> _What needs to be done_:
The task calls for the lines below from the line with "JUNIQE - Poster" to the line with "XJD Toddler Helmet", both ends included, copied exactly, without any pictures.

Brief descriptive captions
________________

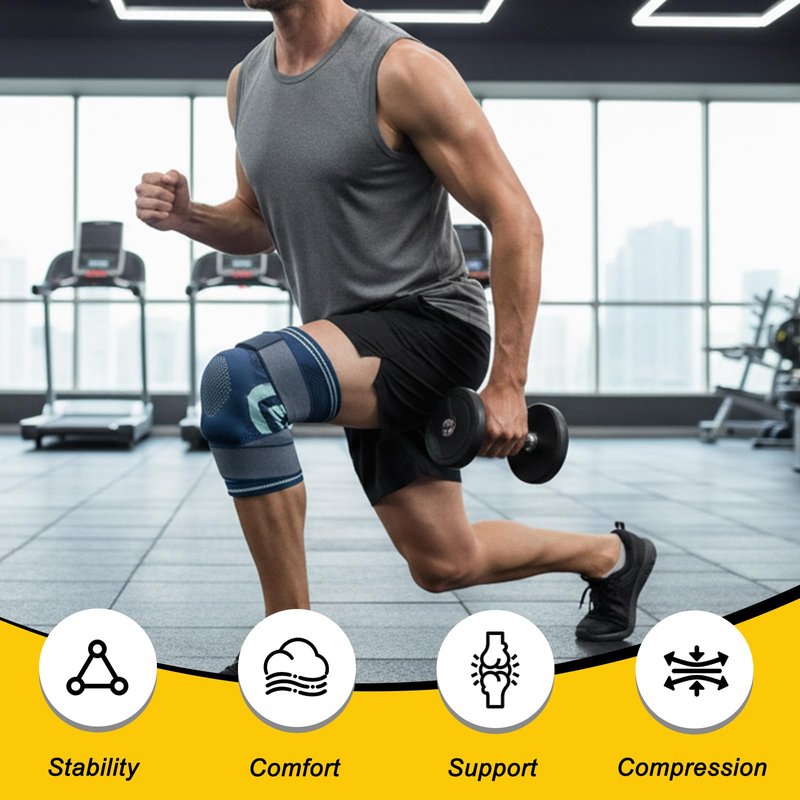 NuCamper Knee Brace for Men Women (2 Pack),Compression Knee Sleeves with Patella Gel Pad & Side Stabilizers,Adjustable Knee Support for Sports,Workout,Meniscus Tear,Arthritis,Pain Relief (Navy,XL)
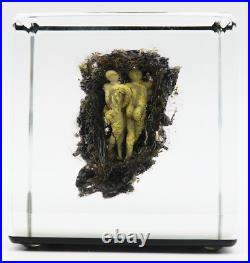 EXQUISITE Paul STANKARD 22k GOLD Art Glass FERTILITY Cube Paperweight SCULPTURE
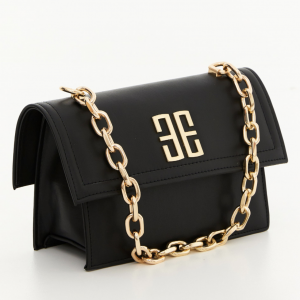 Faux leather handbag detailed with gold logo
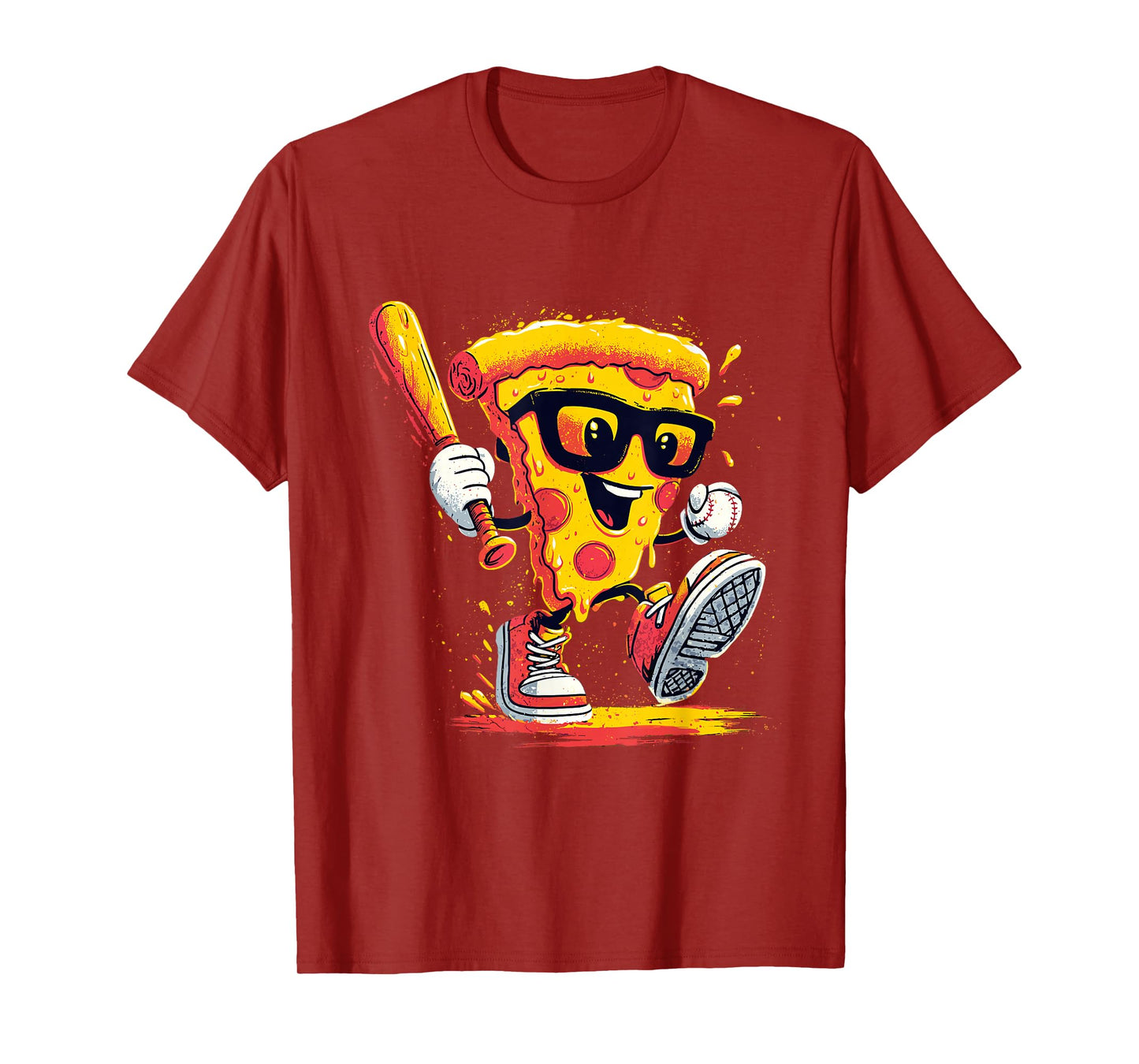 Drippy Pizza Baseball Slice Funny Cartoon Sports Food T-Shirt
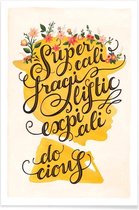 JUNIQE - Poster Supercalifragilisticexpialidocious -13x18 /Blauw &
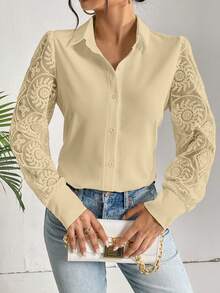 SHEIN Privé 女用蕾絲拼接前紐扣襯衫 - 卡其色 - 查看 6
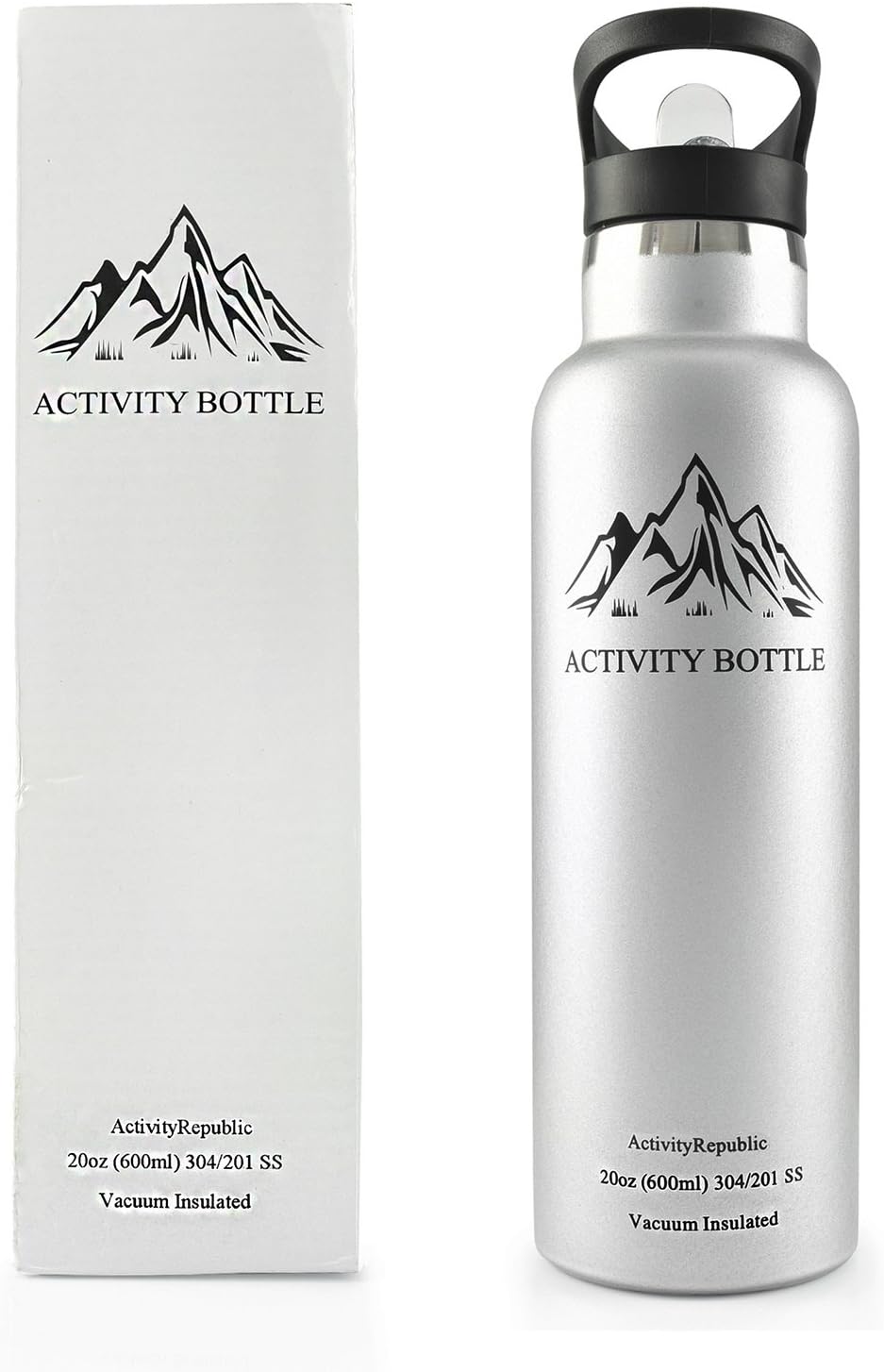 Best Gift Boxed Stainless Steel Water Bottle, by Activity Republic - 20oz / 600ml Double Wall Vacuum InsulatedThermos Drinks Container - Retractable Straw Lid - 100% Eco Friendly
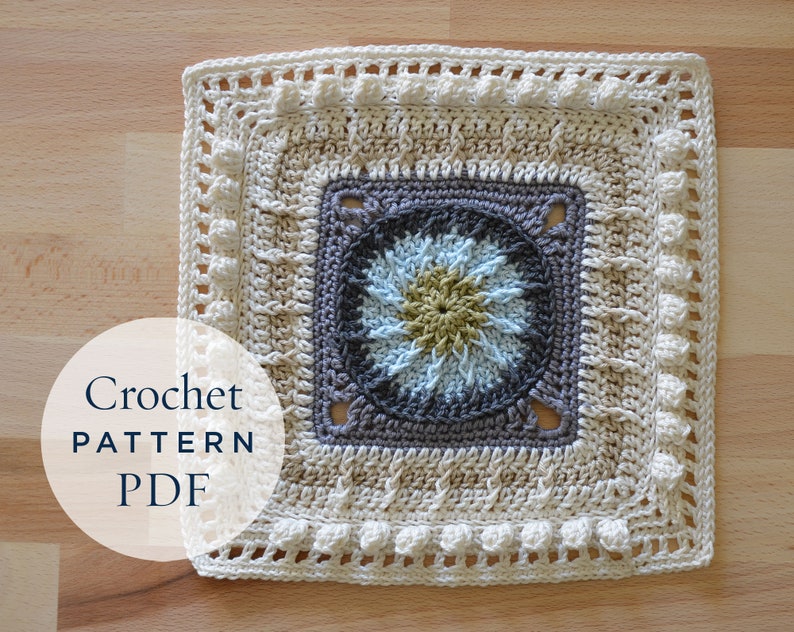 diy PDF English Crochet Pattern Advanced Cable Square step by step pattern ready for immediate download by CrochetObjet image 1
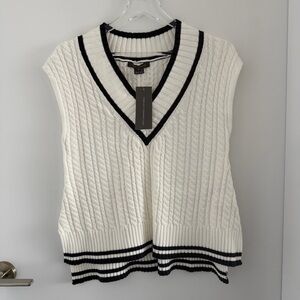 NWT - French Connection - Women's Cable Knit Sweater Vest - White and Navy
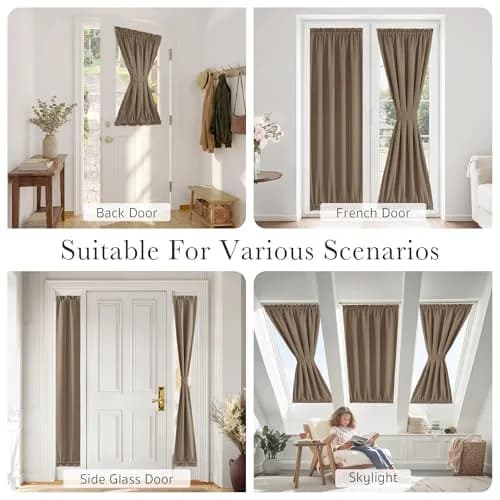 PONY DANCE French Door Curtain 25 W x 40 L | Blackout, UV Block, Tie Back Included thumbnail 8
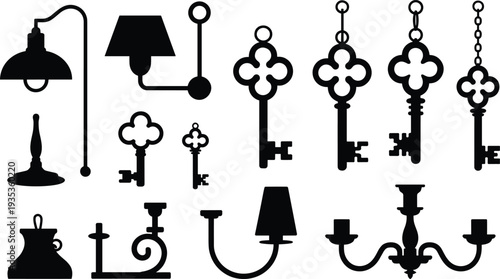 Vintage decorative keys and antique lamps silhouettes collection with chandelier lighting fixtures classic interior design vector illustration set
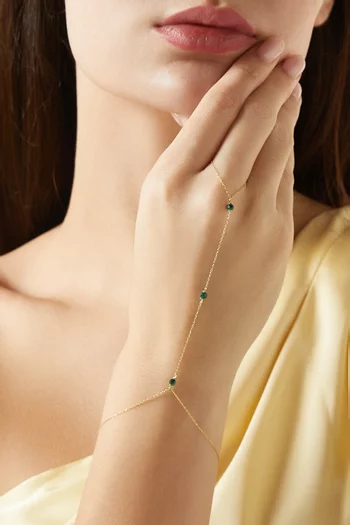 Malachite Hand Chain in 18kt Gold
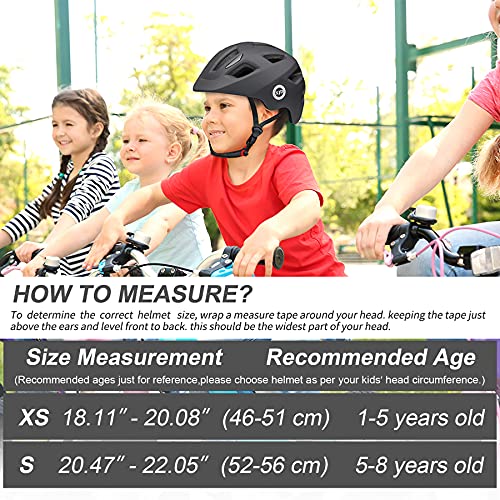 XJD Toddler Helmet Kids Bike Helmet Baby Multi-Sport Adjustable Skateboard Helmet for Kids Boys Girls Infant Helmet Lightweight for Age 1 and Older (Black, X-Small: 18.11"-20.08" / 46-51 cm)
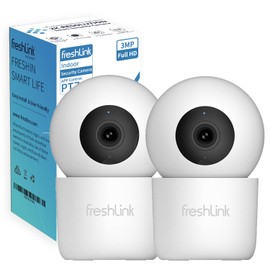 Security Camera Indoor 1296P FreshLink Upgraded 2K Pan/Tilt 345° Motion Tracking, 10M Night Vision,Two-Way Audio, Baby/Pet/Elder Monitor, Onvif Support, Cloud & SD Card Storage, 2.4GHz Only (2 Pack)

________________

> _Answer box_:
 JUNIQE - Poster Supercalifragilisticexpialidocious -13x18 /Blauw &
 SHEIN Privé 女用蕾絲拼接前紐扣襯衫 - 卡其色 - 查看 6
 Best Gift Boxed Stainless Steel Water Bottle, by Activity Republic - 20oz / 600ml Double Wall Vacuum InsulatedThermos Drinks Container - Retractable Straw Lid - 100% Eco Friendly
 diy PDF English Crochet Pattern Advanced Cable Square step by step pattern ready for immediate download by CrochetObjet image 1
 NWT - French Connection - Women's Cable Knit Sweater Vest - White and Navy
 PONY DANCE French Door Curtain 25 W x 40 L | Blackout, UV Block, Tie Back Included thumbnail 8
 Vintage decorative keys and antique lamps silhouettes collection with chandelier lighting fixtures classic interior design vector illustration set
 Malachite Hand Chain in 18kt Gold
 XJD Toddler Helmet Kids Bike Helmet Baby Multi-Sport Adjustable Skateboard Helmet for Kids Boys Girls Infant Helmet Lightweight for Age 1 and Older (Black, X-Small: 18.11"-20.08" / 46-51 cm)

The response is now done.